3 min readDec 27, 2020

Swoogle can be identified as a Google for all semantic web documents. i.e. it functions as a search engine for semantic web documents or SWDs. Although it was started as a research project at the University of Maryland, it has gained much popularity since then as a system to collect and retrieve semantic web documents.

Swoogle homepage accessible via http://swoogle.umbc.edu/

Any online document written in RDF or OWL can be identified as a semantic web document. These documents have either .rdf or .owl extensions. Other extensions such as rss, n3 and daml are also accepted by Swoogle. Swoogle uses crawler-based indexing and retrieval for SWDs only. Other documents such as HTML, pdf and image files are ignored by the crawler.

Now, let’s look at how Swoogle can be used.

1. Ontology search for reuse

To describe a resource in RDF documents, existing URIs for resources should be used as much as possible to facilitate intelligent decisions.
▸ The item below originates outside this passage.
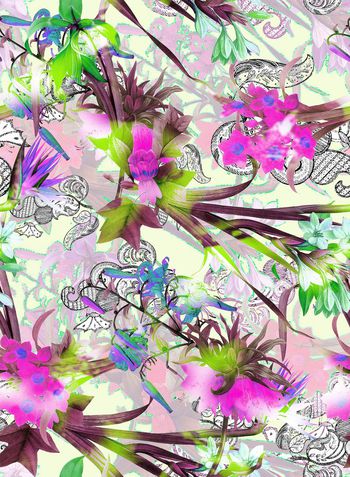 306021-多彩花卉花朵佩斯利组合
This prevents multiple ontologies being added randomly to the web for the same resource and facilitates a common understanding of the resource. This is one of the basic concepts in the semantic web. Therefore Ontology Reuse can be seen as a major use of Swoogle.
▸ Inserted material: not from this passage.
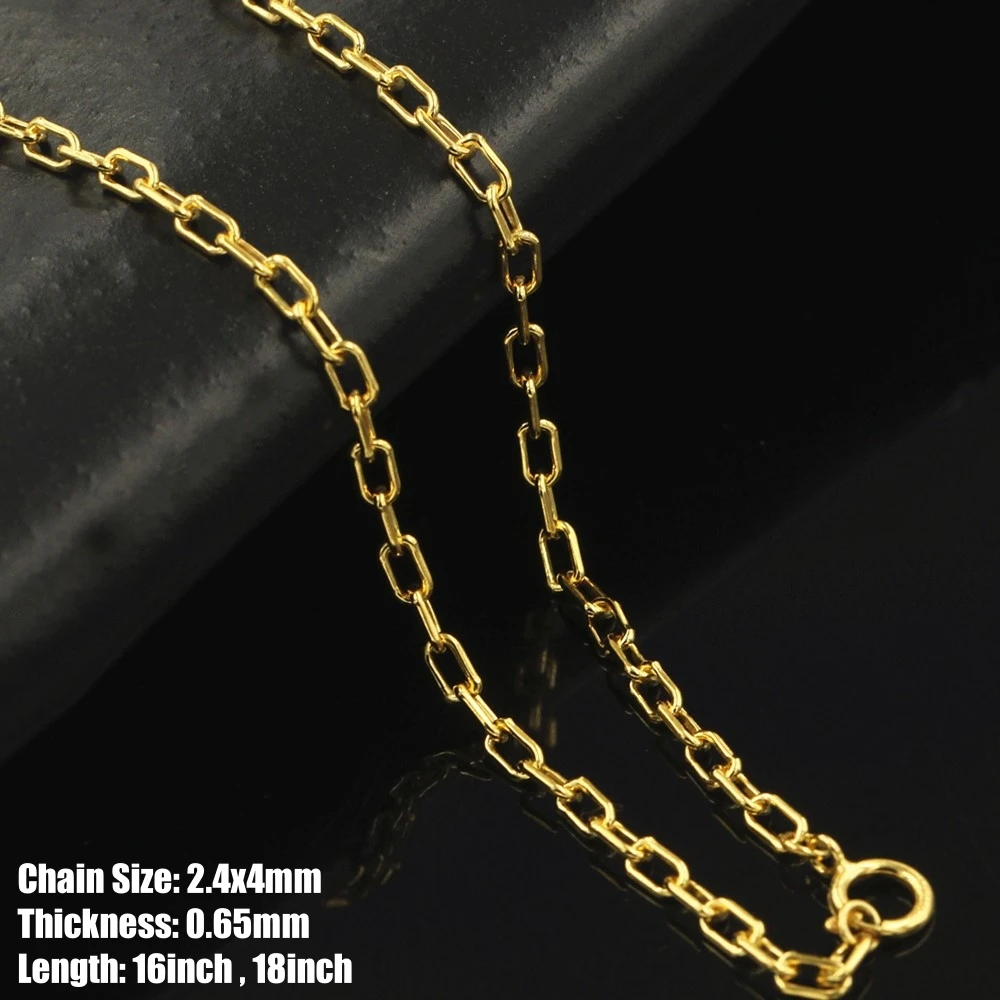 

2024 New Gold Filled Paperclip Chain Choker No Tarnish Link Chain Necklace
Swoogle helps to search for available ontologies that match our needs within the same domain. Key terms can be used to query similar to a Google search and all matching ontologies will be returned. However, the search results are links that point to SWDs unlike in Google.
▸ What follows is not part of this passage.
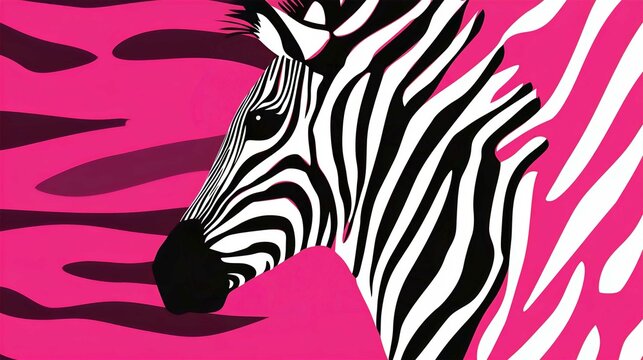 Illustration of a Striped Zebra Silhouette Isolated on White Background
2. Finding specific instance data

Similar to resource reuse, we are also interested in reusing URIs of already existing instances. Swoogle facilitates this through its search with constraints on classes and properties used by the resources.

3. Navigation in the semantic web

Swoogle’s crawler collects metadata about each SWD it crawls across. For example, metadata such as the document type, whether the document is embedded in another document, whether the documents are legal, namespaces used by the document etc. are collected.

These namespaces help in the navigation to other documents that use the same namespace and it benefits in understanding the internal linkages of the semantic web.

Swoogle Architecture

Swoogle’s architecture can be broken into four main components :

> SWD discovery components

> Metadata collection component

> Data analysis component

> Indexation and retrieval component

> User interface

SWD Discovery

Swoogle uses APIs provided by Google to find potential SWDs by asking Google to find documents ending with .rdf, .owl and .daml. The search results returned are treated as seed URLs for Swoogle. Each URL in this seed set is fed to a focused crawler which then visits only the websites that contain the given seed and also the directly linked pages. The crawler will then find more SWDs that Google would.

Additionally, Swoogle also uses Swooglebot to find SWDs.

Metadata Collection

The metadata collection component collects the 3 different types of metadata namely

> document metadata

> content metadata

> relation metadata

The calculation of rankings using metadata

Similar to the PageRank of Google, Swoogle has its own ranking algorithm called as OntoRank and TermRank. OntoRank evaluates the importance of each document based on the metadata collected by the crawler whereas TermRank sorts them.